I’m sounding as predictable as this SNL was not, but The Handmaid’s Tale filmed piece went in a much more interesting direction than I thought it would. With the ominous voiceover talking about women’s rights being stolen by an oppressive government, it looked like the big reveal was going to be that it’s actually now and the oppressor is Trump and so on. Instead what we got was a more trenchant examination of how the everyday patriarchal cluelessness of average dudes is just as dangerous, with Pine, Moffat, Mikey Day, and Kyle Mooney’s oblivious bros totally not comprehending how ungodly awful their female friends’ plight is. Various, half-listening imprecations of “whoa, that sucks” are pretty much all the guys can muster, as the fact that women have become brood mares for the state elicits head shakes and questions of whether “there was a protest or something.” Again, everyone’s acting here is on-point, with the gnawing unease coming from the premise that, for evil to triumph, all that deeply mediocre men have to do is worry that their female friends won’t show up to their keggers, rather than that they’ve been turned into woman-slaves. (Points for Hulu’s slogan, “See, Netflix? We have one, too.”)
I am hip to the musics of today
LCD Soundsystem are reunited, and their performances here show just how much their literate, danceable weirdness was missed. Rawer and more passionate than the average Saturday Night Live musical guest (especially this season), the band crammed together into a small area for their first number, with everyone, including “Morrissey after a bender” frontman James Murphy, going at their new songs with gusto. The new album comes out soon. I’ll buy it.
Most/Least Valuable (Not Ready For Prime Time) Player
Bobby had his lip sync and Spocko, but Beck Bennett had a great showcase as one Stav D, Slavic singing star, whose heartfelt “Song For Peace” gradually revealed itself to be more about his struggle with porn addiction. Like Pine, Bennett does some great song-acting, building his character throughout the song. (Pine helped out, belting the chorus with all-too earnest, open-shirted passion.)
“What the hell is that thing?”—The Ten-To-Oneland Report
This was Pine and Strong as the intense couple whose dedication to Frazier: The Musical made a couples night TV theme song game an extended, loopy joy to watch. Both were amazingly committed to the preposterousness of the lyrics and their couples’ love of this off-Broadway not-hit, and its window-smashing, bloody-handed melodrama. Another fine sketch in a solid episode where almost any sketch could have slotted quite comfortably into the ten-to-one spot.
- Unless I’m mistaken, that’s longtime SNL production designer Leo Yoshimura reprising his turn as Sulu in the Star Trek sketch. He was on the bridge all the way back in 1976, in the legendary, Michael O’Donoghue-penned “Last Voyage Of The Starship Enterprise,” with John Belushi as his captain.

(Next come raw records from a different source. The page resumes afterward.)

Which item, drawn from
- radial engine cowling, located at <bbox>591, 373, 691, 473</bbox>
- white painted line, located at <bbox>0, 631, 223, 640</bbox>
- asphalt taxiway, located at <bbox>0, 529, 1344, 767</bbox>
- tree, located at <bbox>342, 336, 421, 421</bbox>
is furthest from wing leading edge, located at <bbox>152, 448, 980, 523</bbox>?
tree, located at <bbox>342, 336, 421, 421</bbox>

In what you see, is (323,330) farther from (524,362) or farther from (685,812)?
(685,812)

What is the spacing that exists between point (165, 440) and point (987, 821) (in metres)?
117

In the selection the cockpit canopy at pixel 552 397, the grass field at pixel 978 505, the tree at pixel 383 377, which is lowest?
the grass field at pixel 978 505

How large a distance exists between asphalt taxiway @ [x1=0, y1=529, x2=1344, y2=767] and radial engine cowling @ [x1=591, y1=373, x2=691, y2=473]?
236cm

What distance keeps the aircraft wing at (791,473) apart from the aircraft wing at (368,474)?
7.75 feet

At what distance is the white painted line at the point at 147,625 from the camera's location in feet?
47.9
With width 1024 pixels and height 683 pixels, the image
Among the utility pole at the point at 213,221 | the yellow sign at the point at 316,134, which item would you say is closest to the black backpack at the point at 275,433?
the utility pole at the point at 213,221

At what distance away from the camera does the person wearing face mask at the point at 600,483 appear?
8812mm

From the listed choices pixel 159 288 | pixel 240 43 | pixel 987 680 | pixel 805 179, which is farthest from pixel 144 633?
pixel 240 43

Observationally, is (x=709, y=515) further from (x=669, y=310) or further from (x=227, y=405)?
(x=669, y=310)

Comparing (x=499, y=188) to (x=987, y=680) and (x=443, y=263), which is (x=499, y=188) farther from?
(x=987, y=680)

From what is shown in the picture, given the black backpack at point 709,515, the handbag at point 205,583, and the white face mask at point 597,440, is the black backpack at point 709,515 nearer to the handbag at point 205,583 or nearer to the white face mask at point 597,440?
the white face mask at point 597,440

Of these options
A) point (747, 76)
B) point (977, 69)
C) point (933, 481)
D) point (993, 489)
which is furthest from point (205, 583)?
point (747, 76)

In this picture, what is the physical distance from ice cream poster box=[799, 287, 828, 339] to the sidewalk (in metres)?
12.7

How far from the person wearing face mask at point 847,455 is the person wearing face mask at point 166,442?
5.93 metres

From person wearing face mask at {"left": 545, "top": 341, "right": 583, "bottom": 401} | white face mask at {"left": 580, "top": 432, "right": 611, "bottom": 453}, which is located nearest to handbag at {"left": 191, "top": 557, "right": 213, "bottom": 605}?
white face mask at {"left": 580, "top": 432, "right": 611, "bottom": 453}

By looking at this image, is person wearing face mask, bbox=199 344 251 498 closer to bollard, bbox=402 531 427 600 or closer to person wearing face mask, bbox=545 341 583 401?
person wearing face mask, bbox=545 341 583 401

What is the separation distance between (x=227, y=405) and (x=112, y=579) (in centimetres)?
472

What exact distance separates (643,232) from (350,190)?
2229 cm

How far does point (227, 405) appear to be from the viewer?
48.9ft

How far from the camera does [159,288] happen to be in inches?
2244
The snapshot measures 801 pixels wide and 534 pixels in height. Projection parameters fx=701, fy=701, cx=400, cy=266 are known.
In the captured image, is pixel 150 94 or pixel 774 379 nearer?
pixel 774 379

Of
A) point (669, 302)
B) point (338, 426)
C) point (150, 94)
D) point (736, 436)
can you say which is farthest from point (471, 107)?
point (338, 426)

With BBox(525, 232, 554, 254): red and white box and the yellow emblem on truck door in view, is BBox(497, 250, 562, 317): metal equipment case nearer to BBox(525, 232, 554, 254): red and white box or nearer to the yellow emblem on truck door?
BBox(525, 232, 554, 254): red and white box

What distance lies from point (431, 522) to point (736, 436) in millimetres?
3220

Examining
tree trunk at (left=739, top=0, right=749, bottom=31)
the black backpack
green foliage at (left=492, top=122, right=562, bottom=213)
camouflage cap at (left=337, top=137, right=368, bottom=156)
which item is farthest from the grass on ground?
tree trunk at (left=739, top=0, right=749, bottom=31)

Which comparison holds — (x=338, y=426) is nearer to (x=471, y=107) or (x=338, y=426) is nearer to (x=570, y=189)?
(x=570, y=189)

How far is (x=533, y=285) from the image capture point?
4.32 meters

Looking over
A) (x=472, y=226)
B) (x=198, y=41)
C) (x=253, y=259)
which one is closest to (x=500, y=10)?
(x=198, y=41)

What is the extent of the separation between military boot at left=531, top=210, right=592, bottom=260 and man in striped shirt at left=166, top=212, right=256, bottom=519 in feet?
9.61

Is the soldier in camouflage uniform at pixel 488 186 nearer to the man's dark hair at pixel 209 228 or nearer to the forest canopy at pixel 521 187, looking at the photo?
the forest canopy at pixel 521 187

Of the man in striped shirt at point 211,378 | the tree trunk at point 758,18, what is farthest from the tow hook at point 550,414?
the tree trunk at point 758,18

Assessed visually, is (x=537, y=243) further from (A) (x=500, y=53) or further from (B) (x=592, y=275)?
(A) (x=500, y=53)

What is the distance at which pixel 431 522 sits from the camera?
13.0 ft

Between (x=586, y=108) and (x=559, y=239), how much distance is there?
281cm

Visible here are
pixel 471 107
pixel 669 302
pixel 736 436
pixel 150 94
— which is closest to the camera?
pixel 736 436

- Pine, Bennett, and Mooney all did fine work in the reality show for bros sketch, where the traditional relationship drama takes the form here of three inarticulate dudes reacting in typically inarticulate dude ways. It never quite took off for me, but if this was the dud sketch of the night, that only shows how strong this show was.

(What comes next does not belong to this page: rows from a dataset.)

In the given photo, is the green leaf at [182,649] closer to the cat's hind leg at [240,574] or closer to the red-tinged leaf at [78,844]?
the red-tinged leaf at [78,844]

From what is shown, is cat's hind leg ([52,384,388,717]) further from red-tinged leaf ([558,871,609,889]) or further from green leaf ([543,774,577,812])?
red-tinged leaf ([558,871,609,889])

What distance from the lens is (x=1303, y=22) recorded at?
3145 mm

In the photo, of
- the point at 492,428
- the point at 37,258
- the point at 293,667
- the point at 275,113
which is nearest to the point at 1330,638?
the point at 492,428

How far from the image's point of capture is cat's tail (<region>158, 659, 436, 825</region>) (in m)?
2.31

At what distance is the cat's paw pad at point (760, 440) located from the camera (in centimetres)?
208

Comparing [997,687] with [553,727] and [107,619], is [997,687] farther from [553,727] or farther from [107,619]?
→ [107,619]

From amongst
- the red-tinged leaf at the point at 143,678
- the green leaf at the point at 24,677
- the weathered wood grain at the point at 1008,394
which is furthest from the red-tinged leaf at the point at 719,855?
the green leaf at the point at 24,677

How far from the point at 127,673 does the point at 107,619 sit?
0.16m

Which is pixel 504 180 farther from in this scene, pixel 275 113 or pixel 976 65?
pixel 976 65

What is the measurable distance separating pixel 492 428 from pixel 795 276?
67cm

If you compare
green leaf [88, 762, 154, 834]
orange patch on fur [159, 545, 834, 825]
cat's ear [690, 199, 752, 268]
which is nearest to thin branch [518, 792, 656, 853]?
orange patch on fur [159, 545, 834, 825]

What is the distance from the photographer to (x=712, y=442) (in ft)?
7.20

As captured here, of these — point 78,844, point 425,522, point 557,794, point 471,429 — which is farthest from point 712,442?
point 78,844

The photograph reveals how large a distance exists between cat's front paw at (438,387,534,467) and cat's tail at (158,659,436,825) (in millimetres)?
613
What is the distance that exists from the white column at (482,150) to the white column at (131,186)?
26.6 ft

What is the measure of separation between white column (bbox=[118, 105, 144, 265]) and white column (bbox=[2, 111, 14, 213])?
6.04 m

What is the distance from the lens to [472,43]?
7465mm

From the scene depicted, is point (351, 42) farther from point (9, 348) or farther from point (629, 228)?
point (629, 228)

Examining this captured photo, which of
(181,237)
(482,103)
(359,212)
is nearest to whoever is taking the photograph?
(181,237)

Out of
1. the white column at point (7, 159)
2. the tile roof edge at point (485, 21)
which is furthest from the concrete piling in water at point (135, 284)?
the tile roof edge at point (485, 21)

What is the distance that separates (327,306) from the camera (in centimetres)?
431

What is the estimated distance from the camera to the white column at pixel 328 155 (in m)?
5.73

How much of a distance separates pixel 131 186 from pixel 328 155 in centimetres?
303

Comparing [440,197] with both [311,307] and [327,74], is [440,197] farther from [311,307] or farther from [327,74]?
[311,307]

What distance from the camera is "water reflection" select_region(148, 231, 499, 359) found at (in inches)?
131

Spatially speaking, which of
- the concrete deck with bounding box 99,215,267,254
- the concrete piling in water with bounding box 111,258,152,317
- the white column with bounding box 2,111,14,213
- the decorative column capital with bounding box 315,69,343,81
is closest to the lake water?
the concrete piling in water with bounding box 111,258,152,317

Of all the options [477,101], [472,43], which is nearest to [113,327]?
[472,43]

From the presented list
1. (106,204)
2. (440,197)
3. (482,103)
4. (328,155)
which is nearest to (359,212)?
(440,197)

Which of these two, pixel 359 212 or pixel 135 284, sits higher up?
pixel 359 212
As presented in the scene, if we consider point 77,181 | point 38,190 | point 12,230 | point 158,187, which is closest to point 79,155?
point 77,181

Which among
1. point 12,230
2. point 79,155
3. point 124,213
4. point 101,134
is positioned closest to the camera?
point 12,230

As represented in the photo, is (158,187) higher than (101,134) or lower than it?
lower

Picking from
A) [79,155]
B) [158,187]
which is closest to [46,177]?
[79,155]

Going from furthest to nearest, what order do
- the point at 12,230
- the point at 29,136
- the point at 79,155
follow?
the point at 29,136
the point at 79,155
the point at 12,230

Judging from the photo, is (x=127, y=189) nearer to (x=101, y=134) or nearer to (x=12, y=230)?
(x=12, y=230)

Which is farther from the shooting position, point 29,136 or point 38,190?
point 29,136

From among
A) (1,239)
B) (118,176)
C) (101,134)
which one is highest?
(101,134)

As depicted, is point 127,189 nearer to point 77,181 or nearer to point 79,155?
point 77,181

- “John Miller” on Cinco de Mayo: “It’s when Mexicans eat a sink full of mayonnaise.”
- Kate McKinnon on all the blond movie star Chrises: “Scruffy, and squinty, and jacked—but in a sweet way.”
- Kate and Leslie can’t remember which Chris is hosting, even though they both starred with Chris Hemsworth in the same movie.
- Che, on Major League Baseball’s condemnation of the racial incident in Boston: “We all know that the only place for racism in baseball is on the hats.” [Cue picture of the Cleveland Indians’ Chief Wahoo.]
- That Jost’s crawl of all Trump’s accomplishments in his first 100 days (“Gorsuch, health care?, golf, golf”) is set to the first few bars of “You’re The Best” was a fine choice.
- Noted dad joke enthusiast Neil deGrasse Tyson, giggling at his own line: “I’m sorry, science makes me silly.”